Interesting. I think there is quite a lot of overlap with your friend and his perception of the world and following one's dream to the detriment of everything and everyone else, and a lot of Ayn Rand's characters like Howard Roark and John Galt*. It's a hyper-individualistic view of the world, and I think inherently selfish. it's always about one person (usually a man, so add misogyny to the mix) fighting for their dream - very rarely do we see films or stories about groups or communities banding together to accomplish something amazing.

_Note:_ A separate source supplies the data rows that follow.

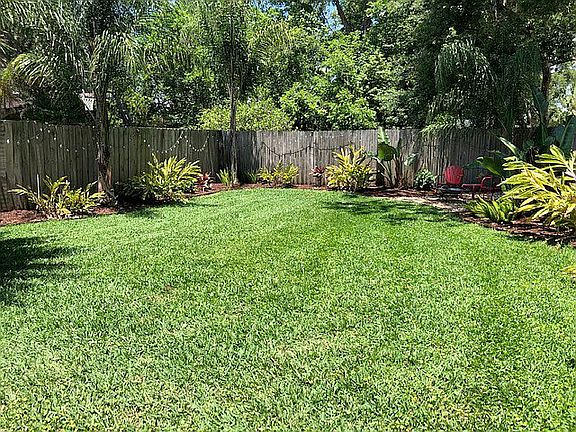 5th image of 8605 Villa San Jose Dr E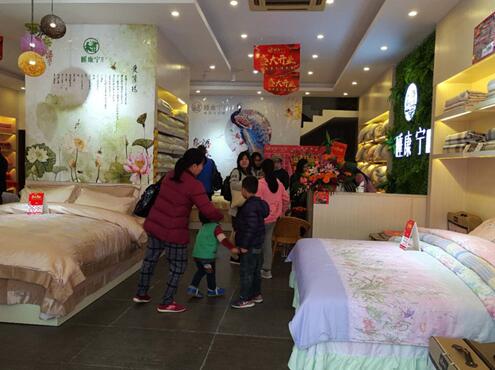 ˯�����Ҽ�¡���M(j��n)�vꖽ��У���(ch��ng)�����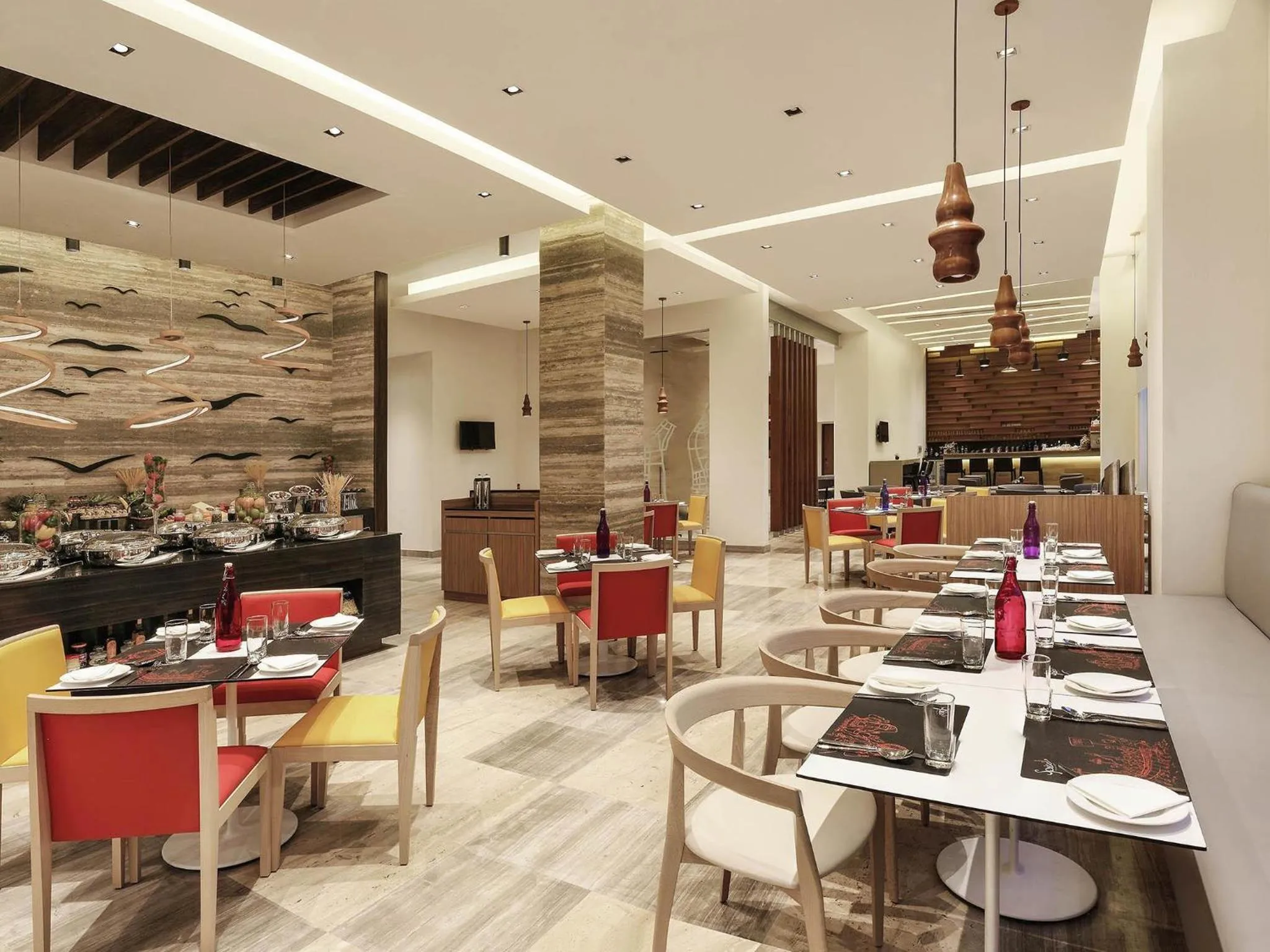 Restaurant/places to eat in ibis Kochi City Centre - An Accor Brand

*https://imgur.com/a/J0Hbron

That would track, and I bet if challenged he would say "yes, and people like me/Ken Miles/Carroll Shelby/Rand al'Thor/pick your favorite self-styled Chosen One or Randian ubermensch etc serve a valuable purpose to the world, which is to inspire everyone else to something greater than their dreary beige lives. That is how humanity elevates itself, by each person individually trying to become Alexander the Great or Chuck Yeager or Napoleon, not by dreaming of nothing greater than being a cog in a machine or a Matrix battery. That's how we advance as a species"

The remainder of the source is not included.